Rene v. G.F. Fishers, Inc., supra.
Finally, the judge addressed the defendants’ challenge to Rene’s claim under the Stored Communications Act (SCA), 18 U.S. Code §§2701 – 2712. Rene v. G.F. Fishers, Inc., supra. He began his analysis by noting that the SCA (i) “prohibits `intentionally accessing without authorization a facility through which an electronic communication service is provided,’ and thereby obtaining access to an “electronic communication while it is in electronic storage’” and (ii) “provides for the recovery of civil damages by a person aggrieved by a violation of the statute.” Rene v. G.F. Fishers, Inc., supra (quoting 18 U.S. Code § 2701(a) and citing 18 U.S. Code § 2707(a)).

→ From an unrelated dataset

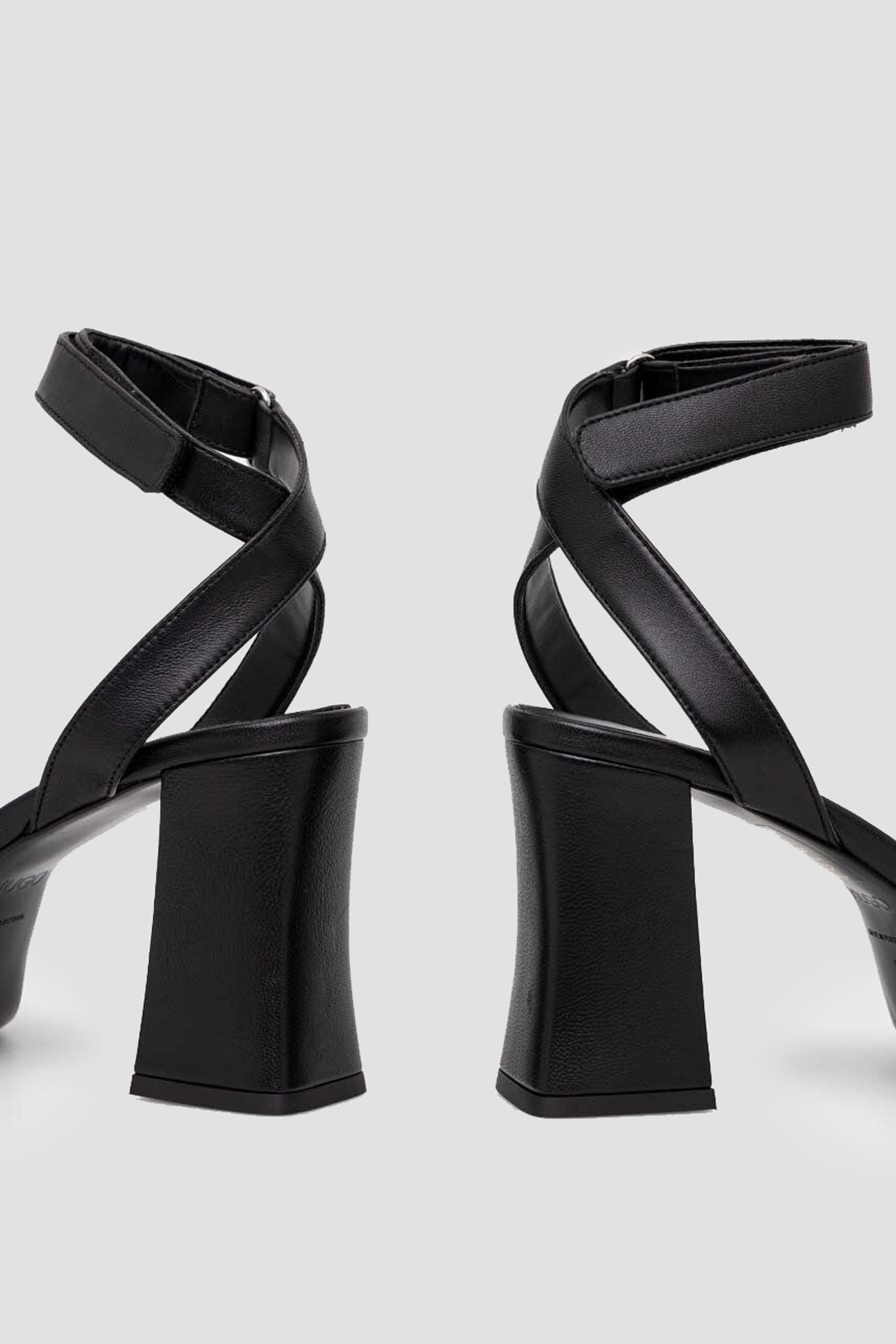 Женские черные кожаные босоножки HUGO 50513175;001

Rene argued that the defendants “violated the SCA when they accessed her email messages” but they claimed that “any email messages viewed by them were not in `electronic storage,’ and, as a result, do not fall within the protections of the statute.” Rene v. G.F. Fishers, Inc., supra. The judge explained that the SCA defines electronic storage as “`any temporary, intermediate storage of a[n] . . . electronic communication incidental to the electronic transmission thereof’” and “`any storage of such communication by an electronic communication service for purposes of backup protection of such communication’”. Rene v. G.F. Fishers, Inc., supra (quoting 18 U.S. Code § 2510(17)(A)-(B)).
The defendants argued that “whether opened or unopened, email messages are not in electronic storage.” Rene v. G.F. Fishers, Inc., supra. And the judge agreed that, under current federal case law, it is
unclear whether opened email messages are in electronic storage. . . . However, the Court need not resolve this issue now, for, consistent with numerous other courts, the Court determines that at a minimum email messages that have reached the addressee's inbox, but which have yet to be opened by the addressee, are in `temporary, intermediate storage.’ . . . [Crispin v. Christian Audigier, 717 F.Supp.2d 965 (U.S. District Court for the Central District of California 2010)]. . . .

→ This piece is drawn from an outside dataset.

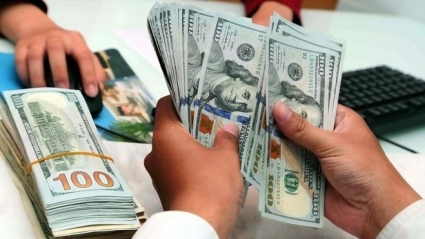 Tỷ giá USD/VND giảm mạnh trên bảng niêm yết của ngân hàng thương mại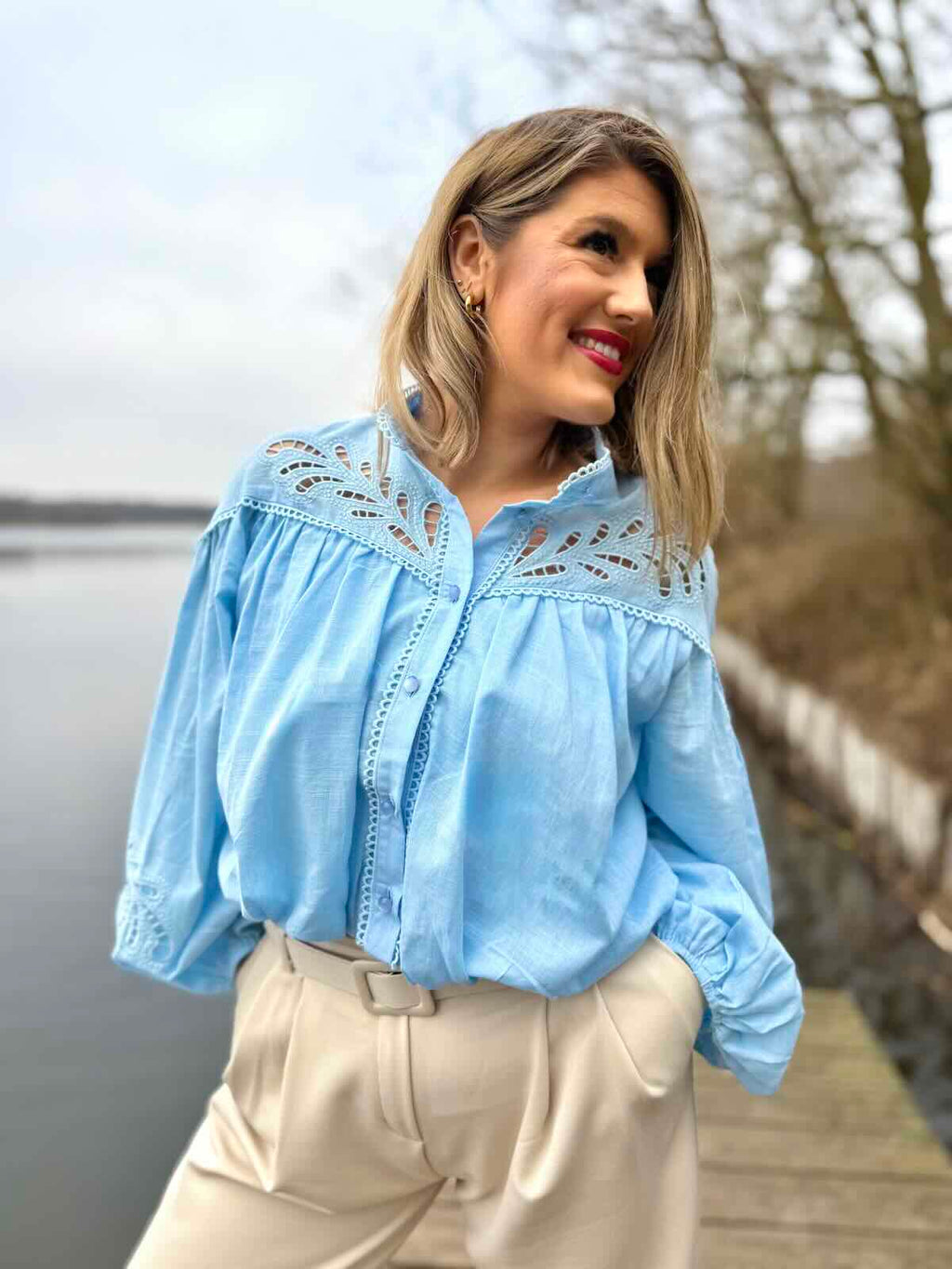 Blouse Baby Blue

As a footnote in Crispin explains, the distinction critical to these courts' holdings is rooted in the state of technology when the SCA was enacted. . . . Passed in 1986, the SCA reflects a time when `multiple service providers [stored] communications briefly before forwarding them on to their next destination or while awaiting download by the recipient.’ Id. . . .

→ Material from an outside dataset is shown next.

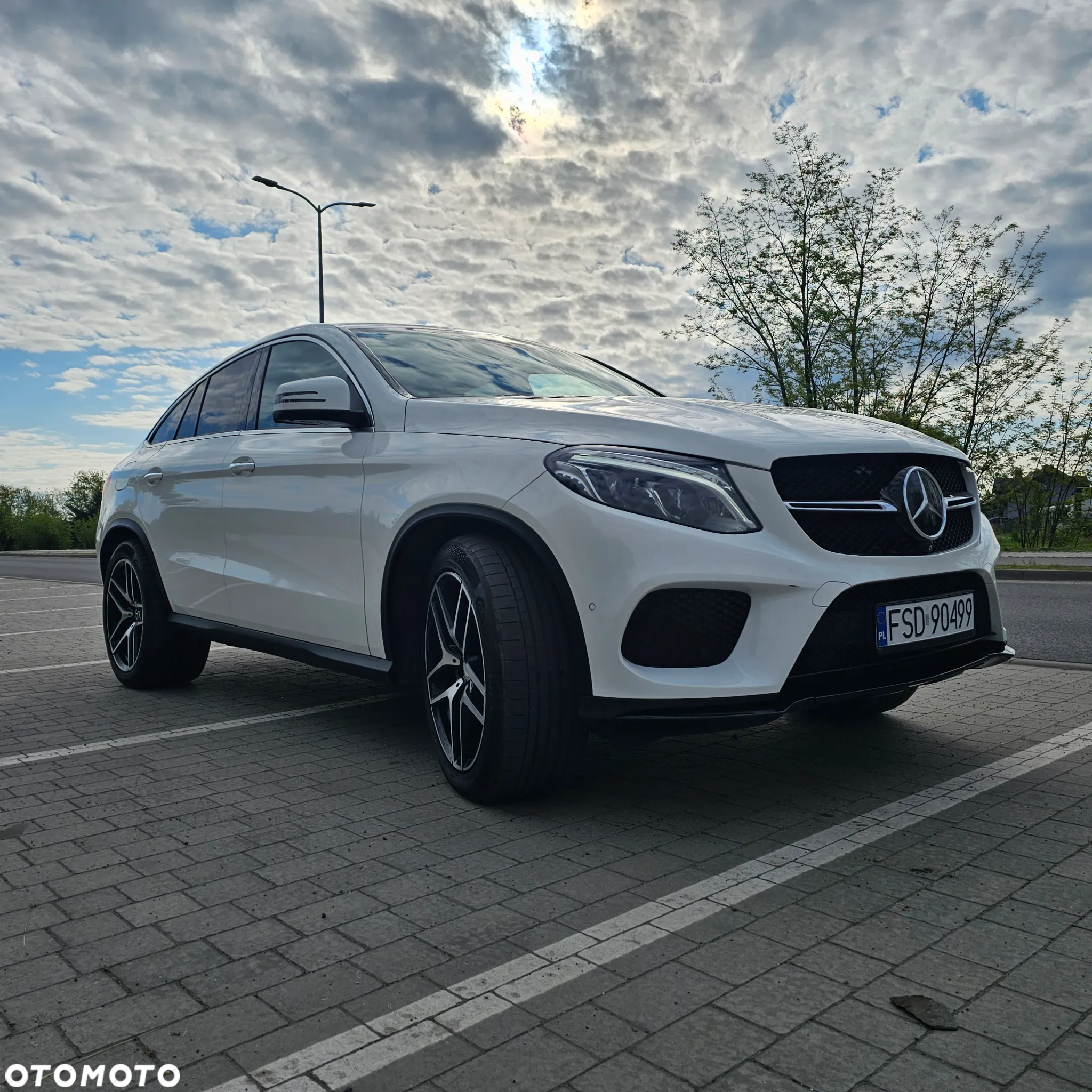 Mercedes-Benz GLE 350 d 4-Matic - 3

Insofar as an email message waiting to be downloaded had yet to travel the channel between server and local computer, it remained in temporary, intermediate storage incident to transmission. Similarly, inasmuch as an email waiting in an inbox has yet to be accessed by the addressee, even though it may be kept after viewing only on the regional server, it too has yet to travel to its ultimate destination.
Rene v. G.F. Fishers, Inc., supra.
The judge explained that while “Rene's complaint does not state whether the email messages accessed by the Defendants had already been opened by her,” she is not “required to allege such details at this stage. By alleging that the Defendants made unauthorized access to her email, Rene has satisfied her burden of asserting a violation of the SCA.” Rene v. G.F. Fishers, Inc., supra. He therefore granted the defendants’ motion to dismiss the FWA claim but denied it as to the IWA and SCA claims. Rene v. G.F. Fishers, Inc., supra.